As such, the Merger, if consummated, will unlawfully divest Atheros' public stockholders of their holdings in the Company.
In pursuing the unlawful plan to facilitate the Merger, each of the Defendants violated applicable law by directly breaching and/or aiding the other Defendants' breaches of their fiduciary duties of loyalty, due care, independence, good faith and fair dealing.
On April 11, 2011, the Defendants filed a motion to dismiss. The motion was dismissed as moot on June 25, 2011. The Plaintiffs are permitted to file an amended Complaint, which they did on June 30, 2011.
On December 12, 2011, Joel Krieger was appointed the lead Plaintiff and Faruqi & Faruqi, LLP as lead Counsel.
On May 29, 2012, the Court issued an order granting Defendants' motions to dismiss.
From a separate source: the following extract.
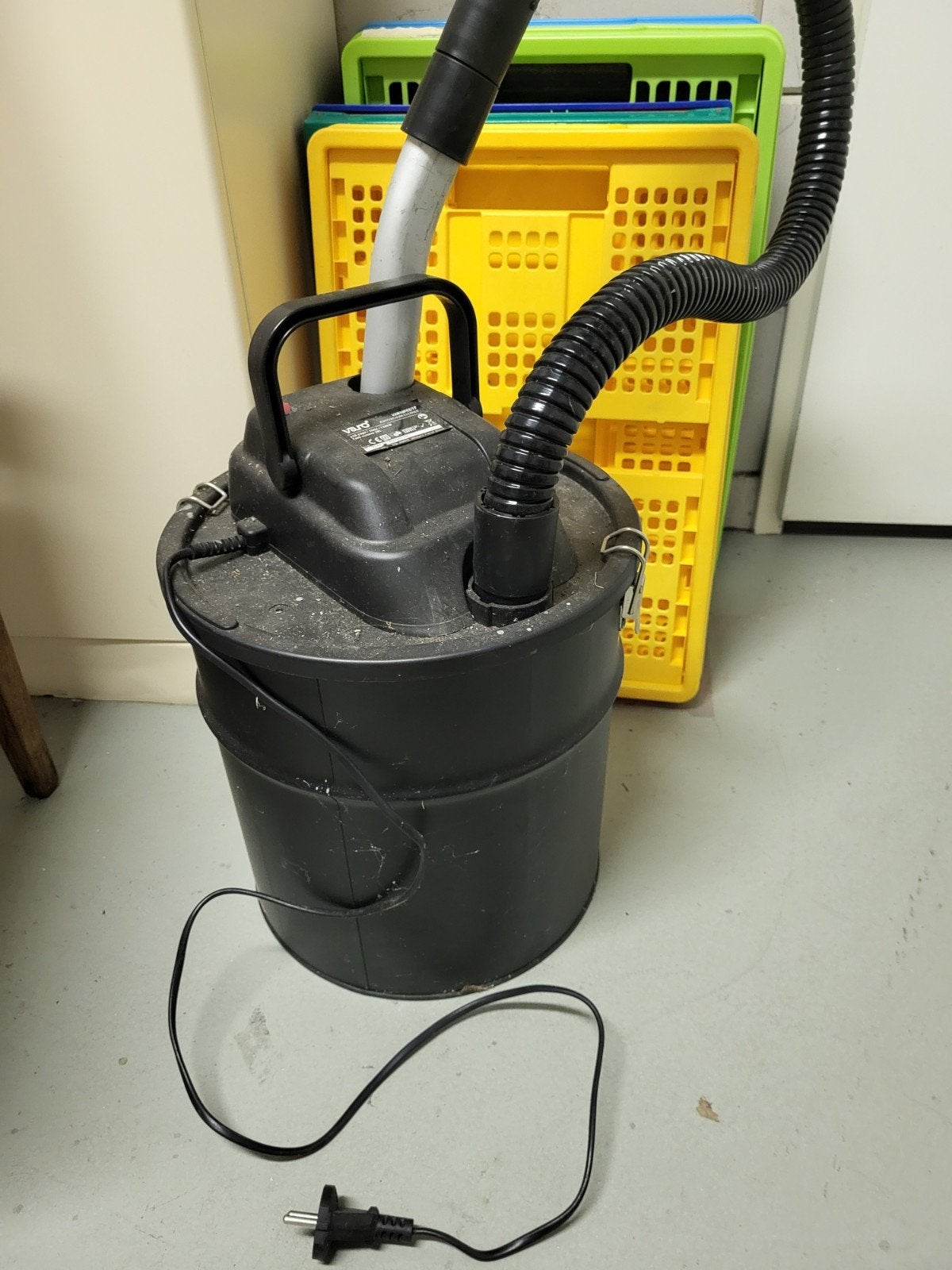Varo VAR10052/17 As- en stofzuiger 1200W, 20L, Ophalen, Gebruikt, Industriële stofzuiger, Minder dan 1200 watt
Plaintiff’s claims under Section 14(a) and 20(a) of the Securities Exchange Act are dismissed without prejudice. Plaintiff’s equitable claim for attorneys’ fees and expenses is dismissed with prejudice. Because Plaintiff’s equitable claim for attorneys’ fees and expenses was the only claim asserted against Qualcomm and T Merger, these Defendants are dismissed with prejudice. Plaintiff may file an amended Complaint that addresses the deficiencies identified in this Order by June 21, 2012.
On June 13, 2012, the Court issued an order granting the stipulation for dismissal of this action. The Clerk was directed to close the file.